Topologically protected quantum entanglement emitters

Entanglement and topology portray nature at the fundamental level but differently. Entangled states of particles are intrinsically sensitive to the environment, whereas the topological phases of matter are naturally robust against environmental perturbations. Harnessing topology to protect entanglement has great potential for reliable quantum applications. Generating topologically protected entanglement, however, remains a significant challenge, requiring the operation of complex quantum devices in extreme conditions.
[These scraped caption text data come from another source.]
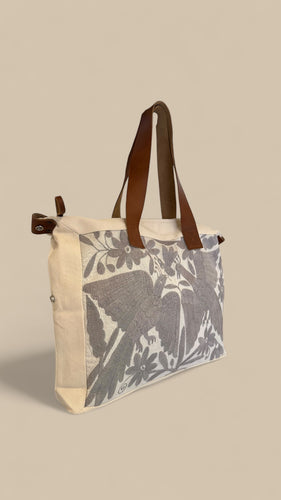 Citlali Tenango Bag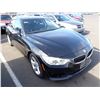 Image 2 : 2015 BMW 428i Gran Coupe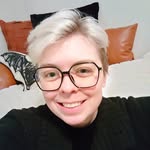 Shade Autumn Grayson - @shadegrayson - Instagram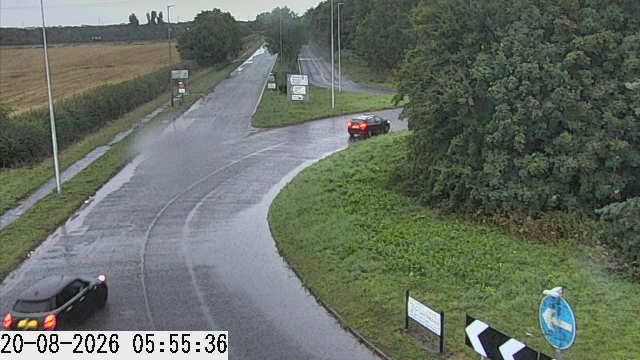 a1068-a192-plessey-checks-1787205648.jpg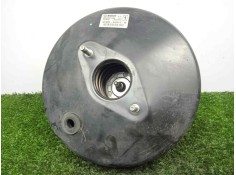 Recambio de servofreno para toyota aygo (kgb/wnb) 1.4 turbodiesel referencia OEM IAM 0204051248-472000H010B BOSCH 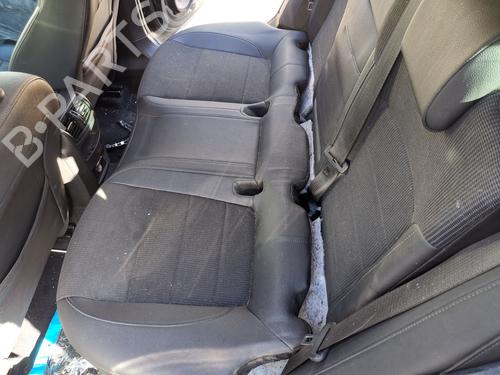 Setesett OPEL INSIGNIA A Sports Tourer (G09) [2008-2017]  32671598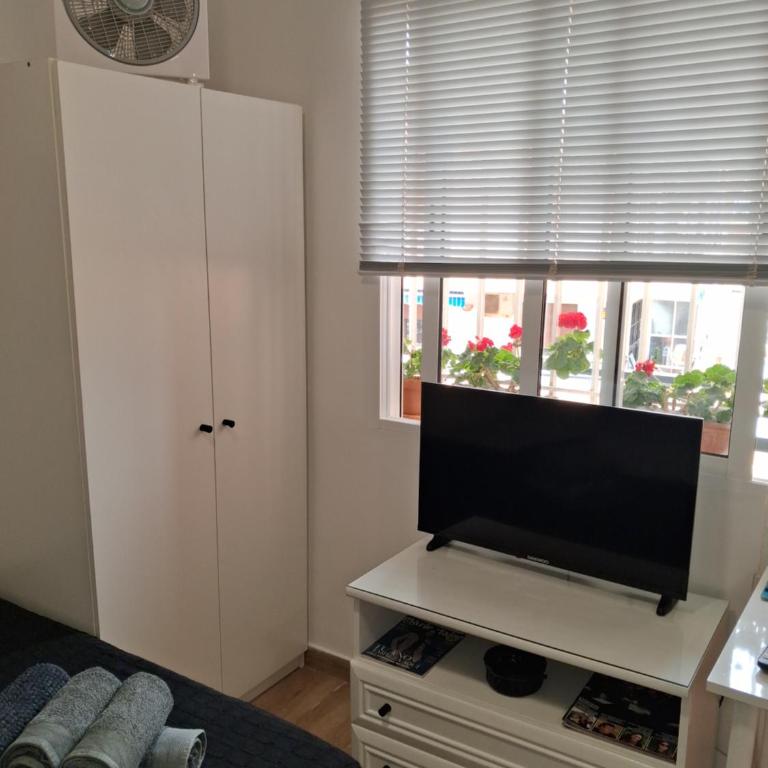 Victoria Boutique de Torremolinos - Apartamento Estudio - 4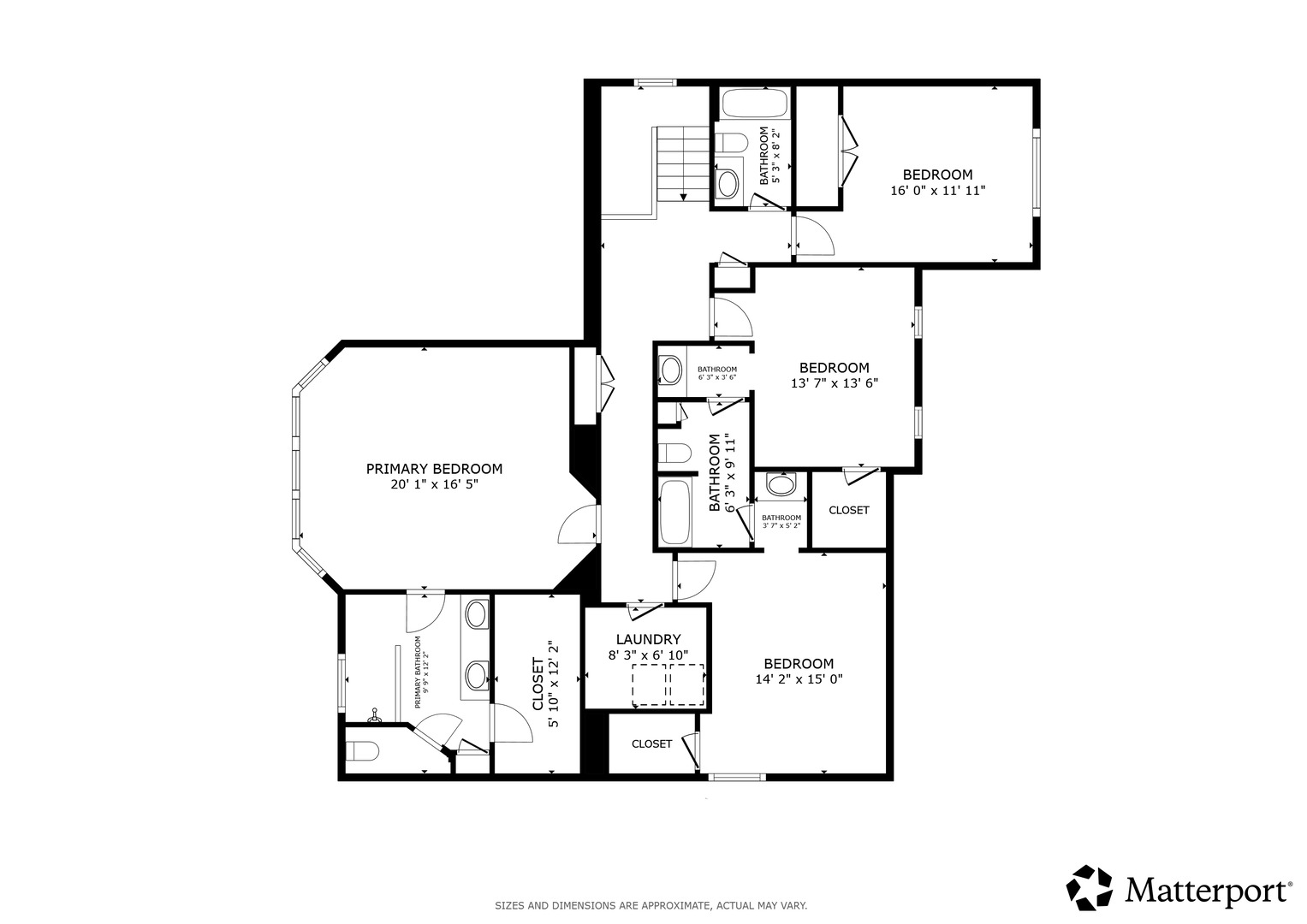 3394 Sage Circle Property Photo 44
Here we report topologically protected entanglement emitters that emit a topological Einstein-Podolsky-Rosen state and a multiphoton entangled state from a monolithically integrated plug-and-play silicon photonic chip in ambient conditions. The device emulating a photonic anomalous Floquet insulator allows the generation of four-photon topological entangled states at non-trivial edge modes, verified by the observation of a reduced de Broglie wavelength. Remarkably, we show that the Einstein-Podolsky-Rosen entanglement can be topologically protected against artificial structure defects by comparing the state fidelities of 0.968 +/- 0.004 and 0.951 +/- 0.010 for perfect and defected emitters, respectively. Our topologically protected devices may find applications in quantum computation and in the study of quantum topological physics. A photonic anomalous Floquet insulator is emulated in a silicon photonic chip. Up to four-photon topologically protected entangled states are generated in a monolithically integrated emitter in ambient conditions through four-wave mixing on top of the edge modes of the insulator.